En 2055 radicalizaron la ley. Ya no importaba la edad de jubilación. Importaba la presbicia. Quien no pudiera leer sin gafas, no podía votar.
La Constitución del 63 lo recogía en su artículo 17.
Lenguaje limpio. Burocrático. Sin mención directa a la edad.
Marcos se pregunta si merece la pena. El Partido del Progreso lleva gobernando desde 2035. Siempre gana. Antes, los partidos de oposición denunciaban fraude. Ahora ya no.
Si pudiera votar, votaría por el Partido de la Alianza. En 2055 prometieron derogar la ley. Luego desapareció de su programa. Pero Marcos quiere creer que todavía lo intentarían.
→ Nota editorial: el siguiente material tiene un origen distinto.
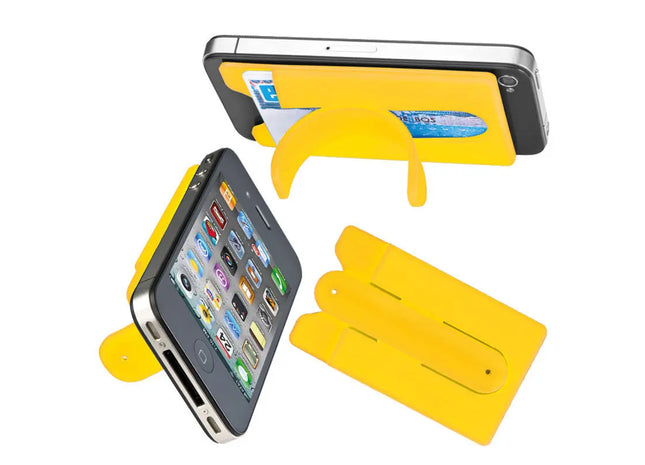 Monte Carlo Smartphone-Tasche mit Ständerfunktion - Leuchtend Gelb TK Gruppe® Grosshandel 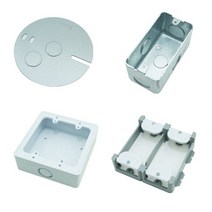 평카바 매립 철 아울렛 박스 PVC 노출 박스 석고보드 보조대, 25-1.주물 콘센트박스 2개용 1방 16mm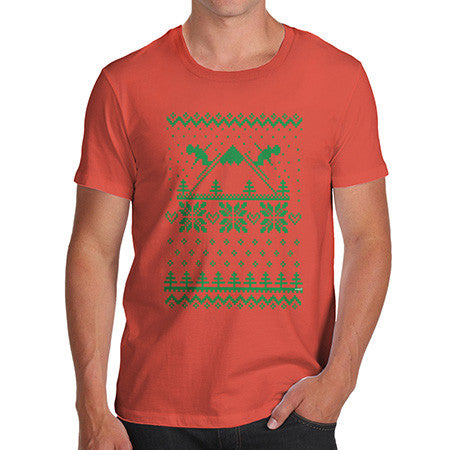 Men's Ski Ugly Christmas Sweater T-Shirt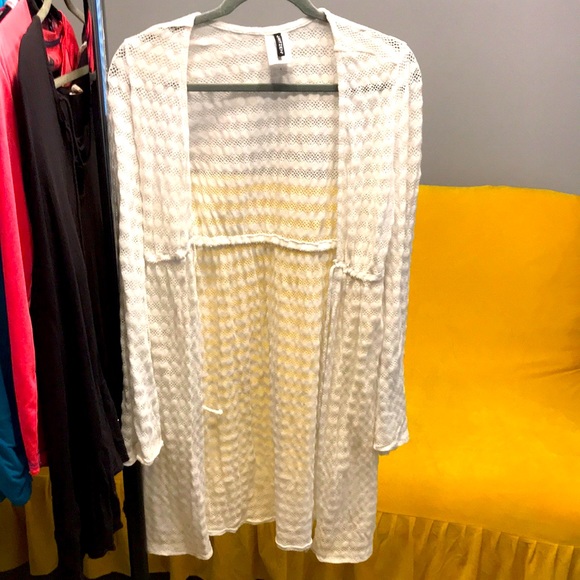 White Lace Swimsuit Cover-up - Picture 1 of 2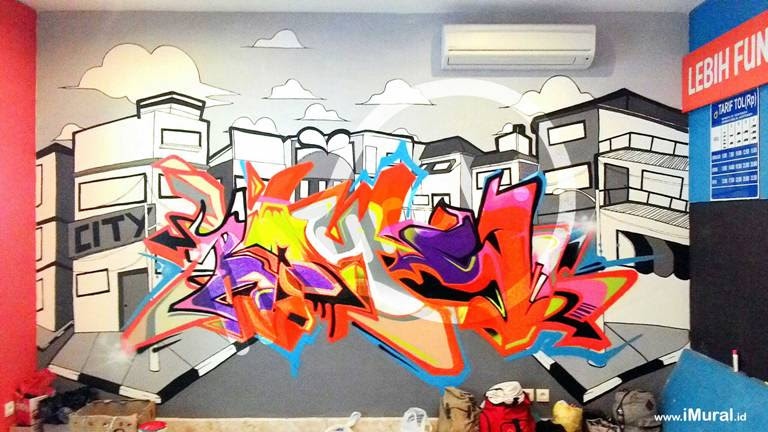 Download Gratis Gambar Projek Jasa Lukis Dinding Surabaya Graffiti Dan Mural 3d Kekinian Terkeren by Cikimm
Es la cuarta vez que Marcos pasa la prueba. La primera todavía podía leer. Con esfuerzo. Pero no hizo falta. Le tocó el artículo 28, que blindaba los privilegios de las comunidades nacionales. La segunda le tocó el artículo 57, sobre el Poder Judicial. La tercera, el artículo 34, requisitos para obtener la nacionalidad.
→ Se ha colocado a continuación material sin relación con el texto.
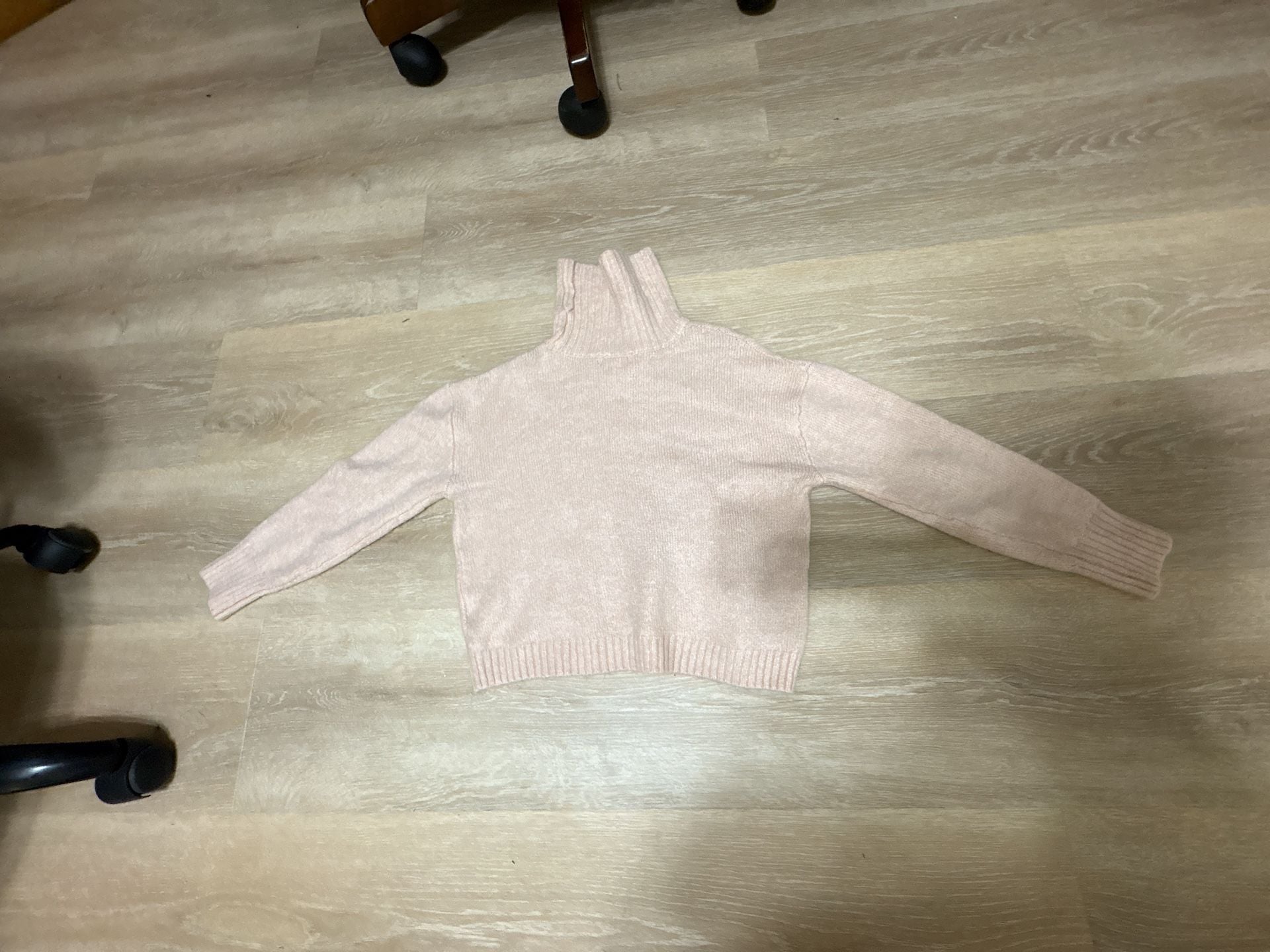 GB Girls Turtleneck Sweater Size L Pink Fuzzy Pullover 3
Todos los tenía en su memoria. La verdad, la Constitución de 2063 era corta, más fácil de memorizar que la de 2027. Esa sí que le costó.
Recuerda que la primera vez estaba muy nervioso. Pensó que le iban a pillar. Le pidieron que leyera el artículo 78. Él lo recitó sin vacilación: «El Estado reconoce y garantiza la pervivencia de los derechos históricos, lingüísticos e institucionales de aquellas comunidades nacionales cuya singularidad derive de una trayectoria histórica propia. Dichos derechos podrán expresarse mediante formas específicas de autogobierno y organización normativa».
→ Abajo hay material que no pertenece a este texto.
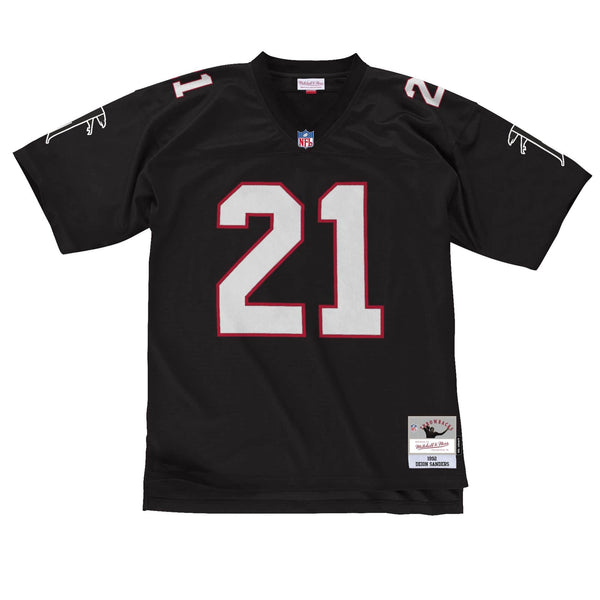 [LGJYCP18051-AFABLCK92DSA] Mens Mitchell & Ness NFL Legacy Jersey Falcons 1992 Deion Sanders - sneakAR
La segunda vez, tuvo que recitar unos de los artículos más largos, el 113: «El Poder Judicial ejercerá sus funciones garantizando la aplicación eficaz de la ley y la estabilidad institucional, sin perjuicio de su autonomía funcional en el ámbito estrictamente jurisdiccional, de conformidad con las directrices generales emanadas del Ejecutivo que, como expresión directa de la voluntad popular manifestada en las urnas, constituye el eje primario de la acción del Estado». Se quedó sin aire.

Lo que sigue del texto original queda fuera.